Since big data sets became available due to impetuous progress in computer technologies and the Internet, the new problem arose for the IUPAC. There appeared a necessity to handle complicated molecular structures in a “string-like” formulation for an efficient data exchange and fast search among billions of structures in the chemical space. The new millennium was commemorated by the start of the IUPAC universal international chemical identifier development. In a similar way, in April of 2005, the first version of InChi (International Chemical Identifier) was released. Later, in January of 2009, the hash-like variant of InChi – InChiKey was proposed. The common advantage of this representation is the constant length of 27 characters, while for InChi there is no such limitation. It was developed especially for use within the search engines. However, InChIKey is not reversible and requires the storage of a dictionary that shows accordance of a particular compound to every InChIKey string.

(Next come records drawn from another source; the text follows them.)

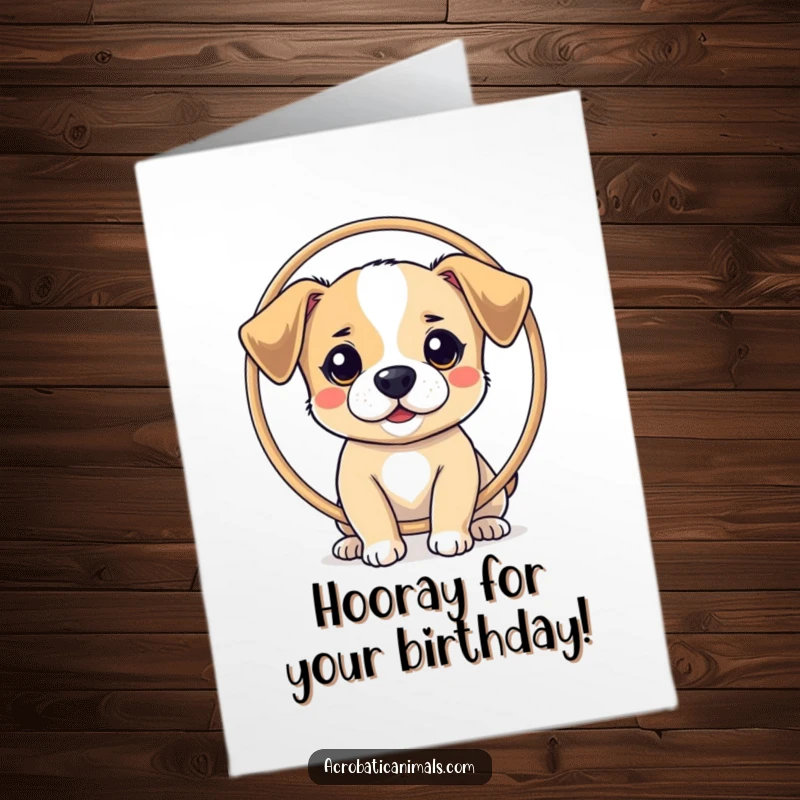 Funny Free Printable Birthday Card: A small dog impressively balances a hoop on its nose, ready for birthday wishes.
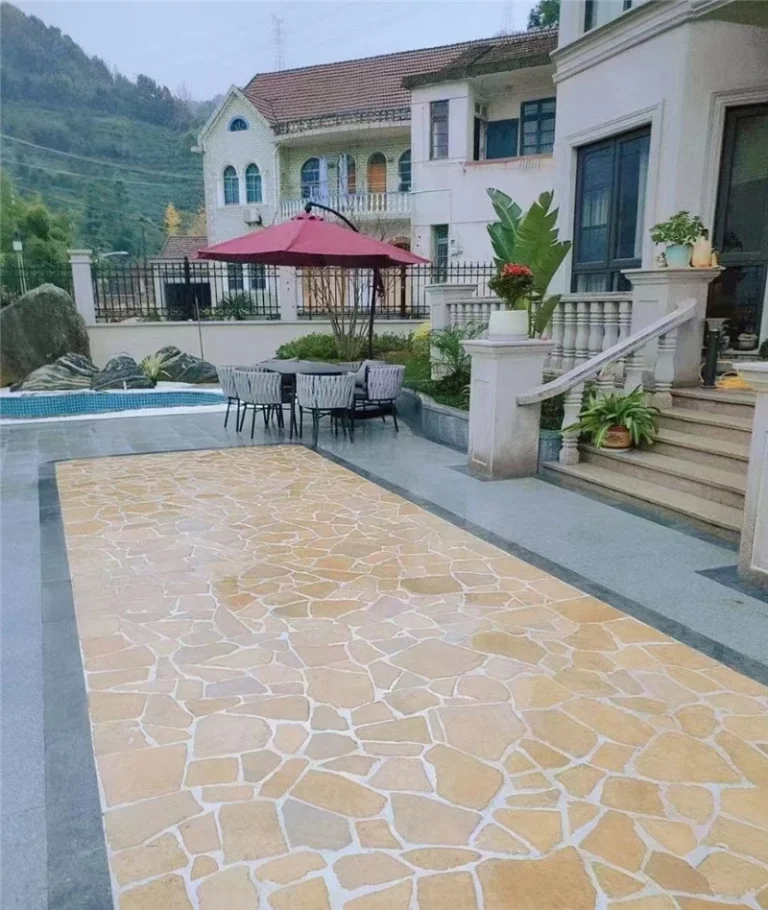 Yellow limestone crazy paving stone, natural irregular limestone for villa backyard patio flooring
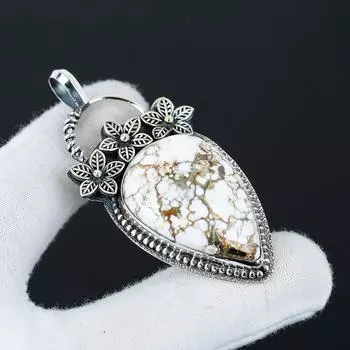 Natural Wild Horse Gemstone Silver Pendant in 925 Sterling Silver- Handmade Flower Design, Everyday Wear Jewelry, Unique Pendant Party Wear Gift 2.55 белый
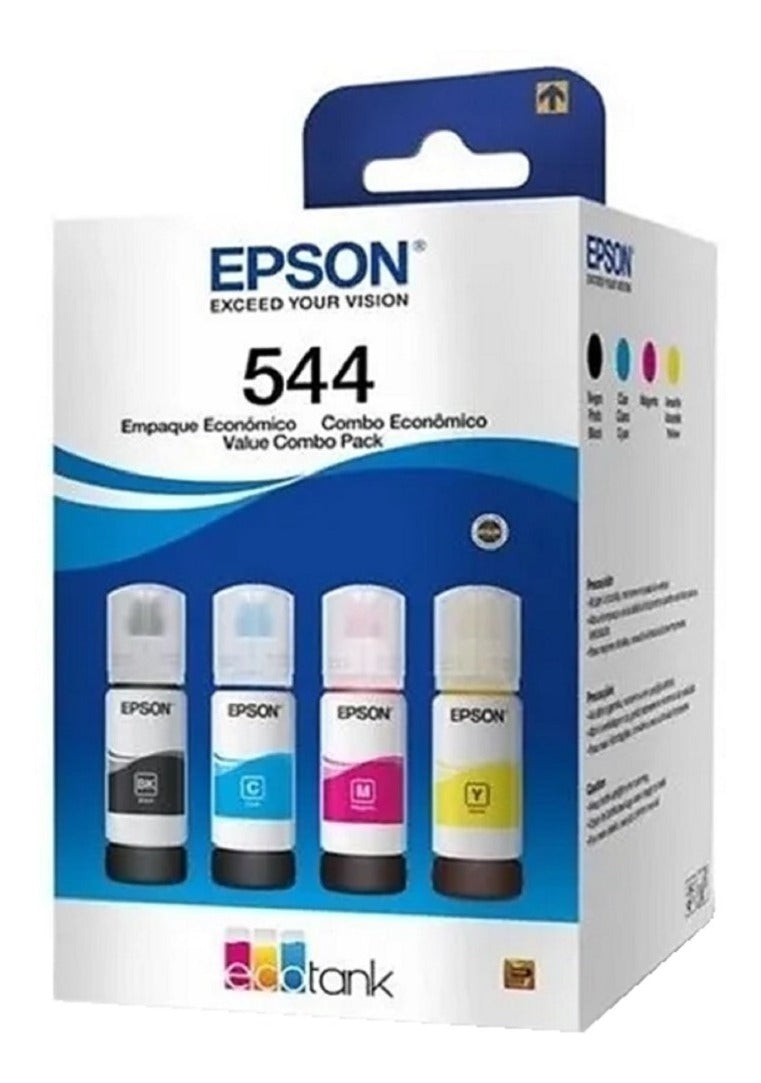 Kit Refil Epson 544 Preto Amarelo Ciano Magenta Tinta 4 cores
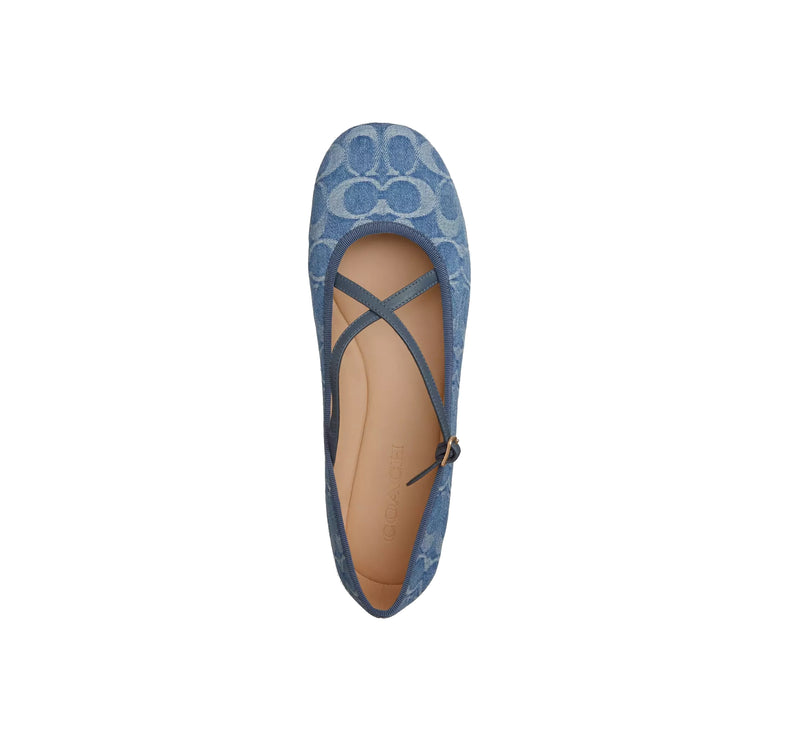 Coach Women's Phoebe Ballet Flat In Signature Denim Indigo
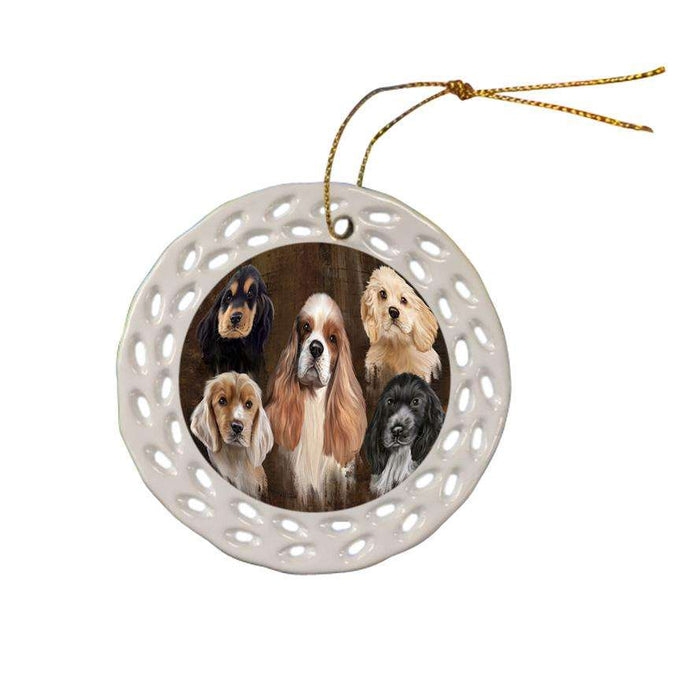 Rustic 5 Cocker Spaniel Dog Ceramic Doily Ornament DPOR54133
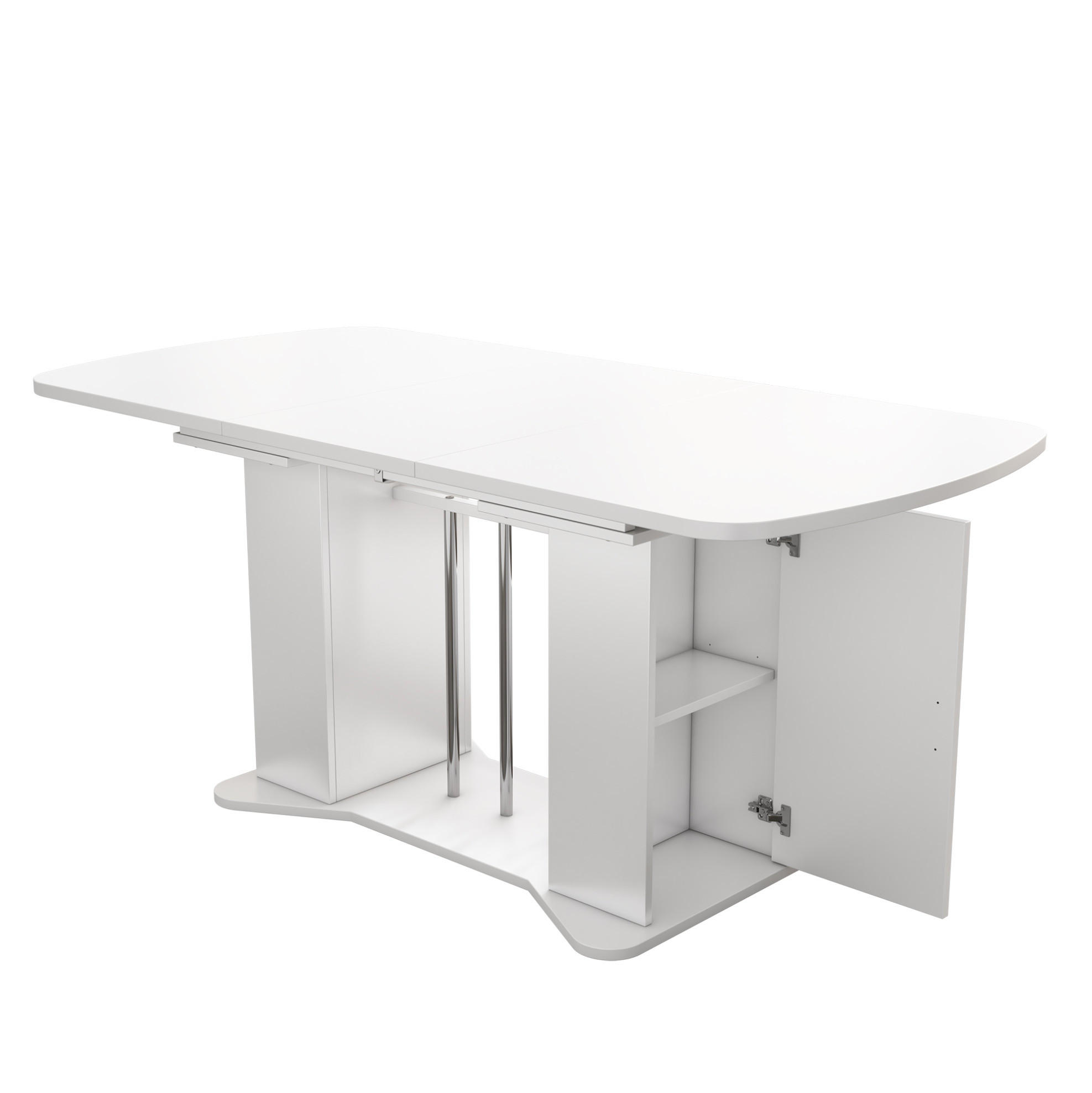 Modfu JÍDELNÍ stůl z MDF 160x80x75 cm bílý s úložným prostorem a výsuvnou deskou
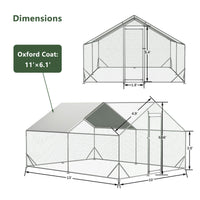 Large Metal Chicken Coop, Walk-in Chicken Run, Galvanized Wire Poultry Chicken Hen Pen Cage, Rabbits Duck Cages With Wat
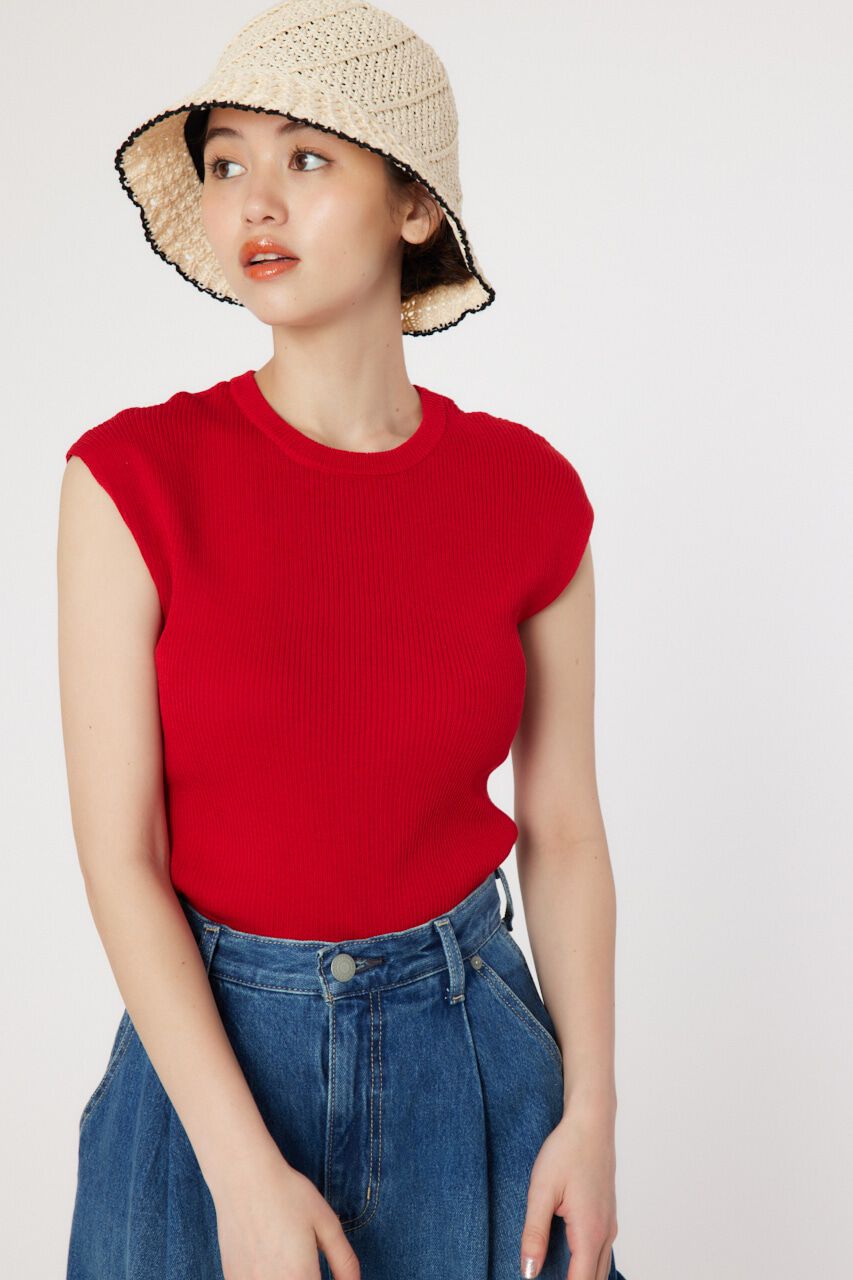 RODEO CROWNS「BASIC ノースリーブ ニット トップス」|タンクトップ|RED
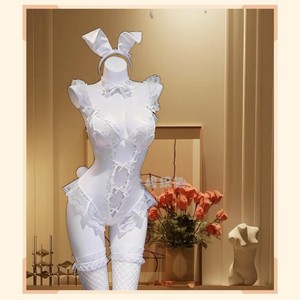 Cute Bunny Girl Uniform Set Role Play Costume <b>White</b> <b>Lace</b> Bodysuit With Bow Headband And Stockings 068 - Product Image 4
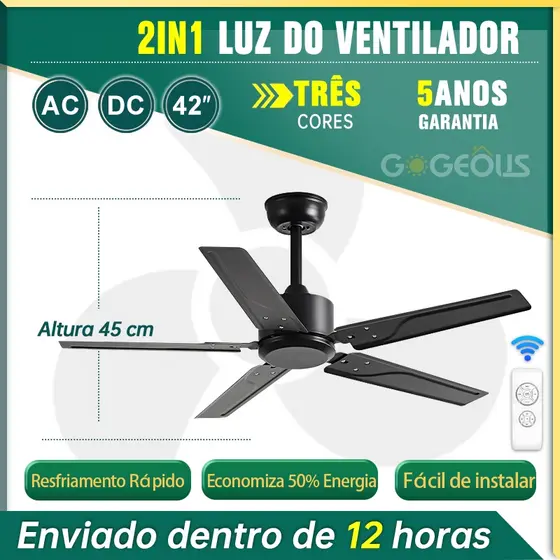 GOGEOUS Ventilador de Teto sem Luz 42/52 Polegadas - Vento Forte e Silencioso com Controle Remoto para Sala de Estar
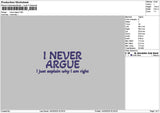 Nevertext Embroidery File 6 sizes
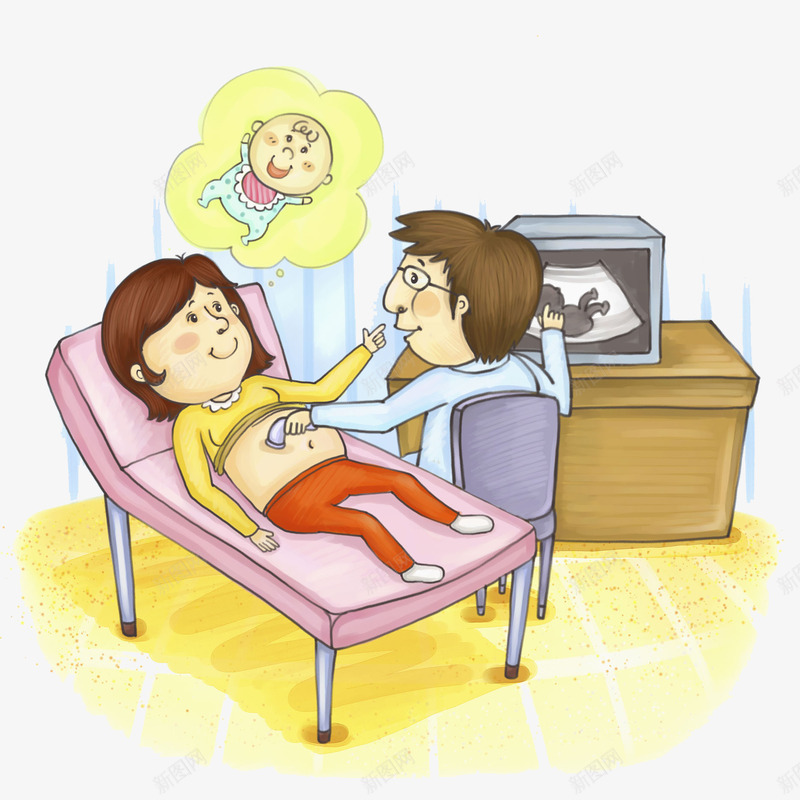 检查胎儿状况的孕妇png免抠素材_新图网 https://ixintu.com 卡通 呵护子宫 子宫 孕妇 孕育生命 检查
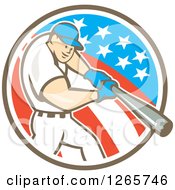Clipart Of A Retro Cartoon White Male Baseball Player Batting In An American Circle Royalty Free Vector Illustration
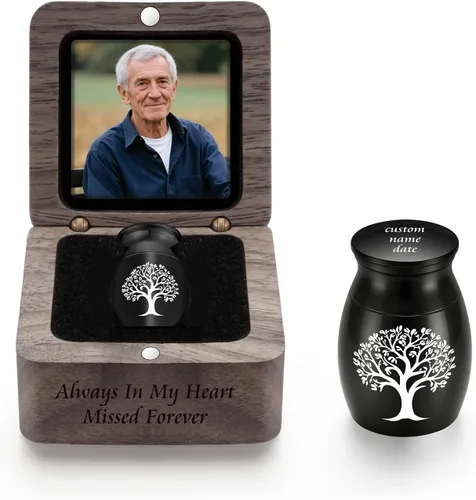 Miniatura 9 de SOITIS Small Urns for Human Ashes Keepsake Stainless Steel Mini Urns for Human Ashes Wooden Box Sharing Tree of Life Ashes Keepsake Cremation Urns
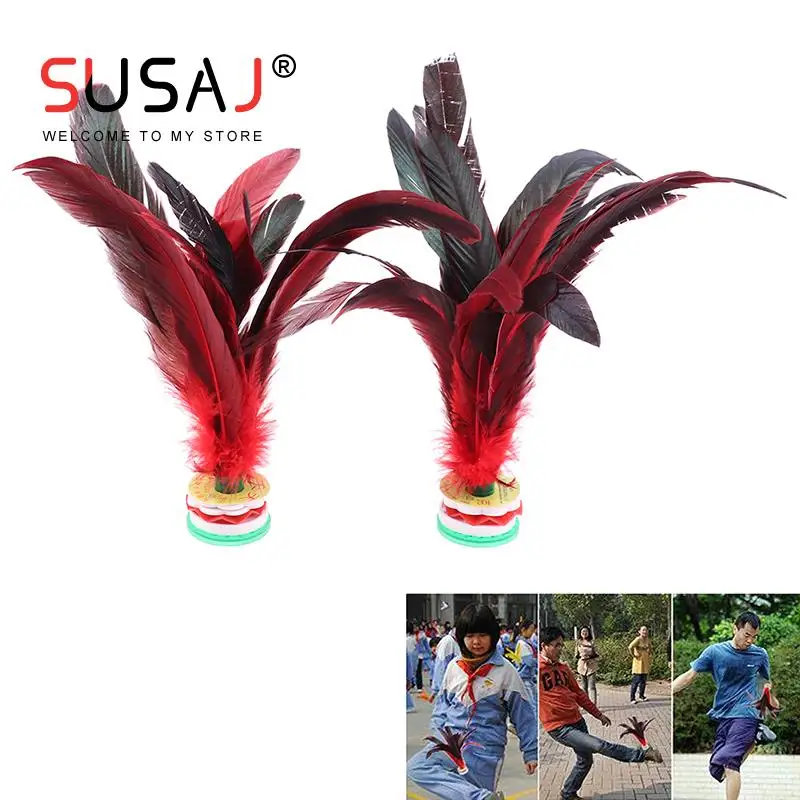 

2pcs Feather Shuttlecock China Jianzi Foot Kick Hand Wheel Fancy Goose Feather Shuttlecock Fitness Entertainment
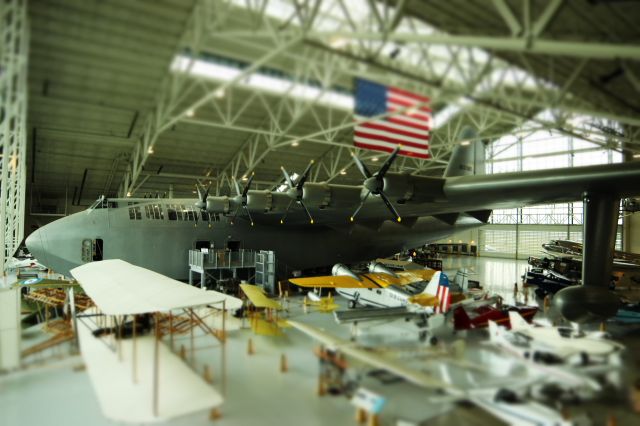 AMU37602 — - Toy effect applied to the "Spruce Goose" in the Evergreen Aviation Museum.Oregon.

The use of InChi and InChIKey opens exciting perspectives not only for web-search, data storage and database merging. Since the new extension that covers mixtures is currently under development, it allows using InChI for labelling vials with reagents. There is a possibility to combine the convenience of InChIKey and QR-codes. By furnishing all vials with a QR-code that stores the identification strings, it is easy to sort and search compounds at the chemical storehouses by automatic control systems or just use portable scanners/smartphones in laboratories. QR codes provide a high level of error corrections (even in case of a 20% damaged image it still can recognize the encoded data) and allow to store up to 3,000 characters. In figures below, several different links are encoded with QR-codes that contain InChIKey of caffeine.

https://pubchem.ncbi.nlm.nih.gov/compound/RYYVLZVUVIJVGH-UHFFFAOYSA-N
Link to PubChem

So, there are many possible applications of InChI and InChIKey combined with QR-codes that could simplify daily routine work in the chemical industry. It provides a lot of new directions in web/mobile development to make chemistry better.